I got into some trouble.  Well, actually I was enlightened to a number of reasons and ways that relationships get better over time.  I merely had given up on my post, not on love.  My parents are a perfect example of how being married 34 years and still being in love is possible.  I have said a few times, the last few years with my ex were the best years.  If you had asked me 3 years ago, I would have said I would NEVER be single again.  Of course that’s not how life played out, but I liked being in a relationship, a long one.  Just gave up on my post.

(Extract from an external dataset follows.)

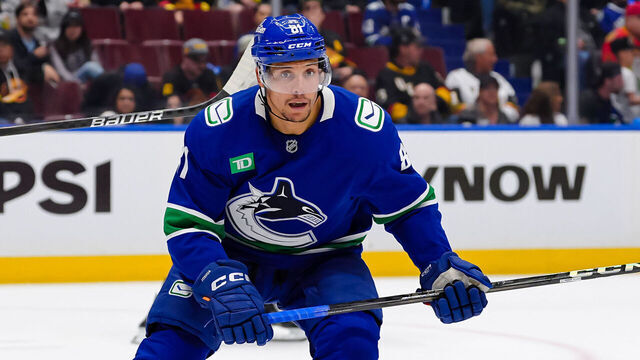 VANCOUVER, CANADA - APRIL 16: Dakota Joshua #81 of the Vancouver Canucks skates during the third period of their NHL game against the Vegas Golden Knights at Rogers Arena on April 16, 2025 in Vancouver, Canada.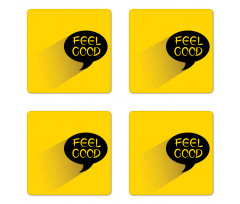 Speech Bubble on Yellow Coaster Set Of Four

Right at this moment I’m struggling with trying to remember what romance is, and what is important in a relationship.  Specifically what is important to me.  You know when you take two colors of play dough and mash them together, you can never quite get them apart again?  You end up picking most of the foreign color out and then what’s left gets mushed in and the color is forever changed.  I feel like that’s what has happened with my ex.  He was a dark, blue I think, I of course, was neon pink.  Now my color is just ever so slightly purple.  He will have a pink streak for sure.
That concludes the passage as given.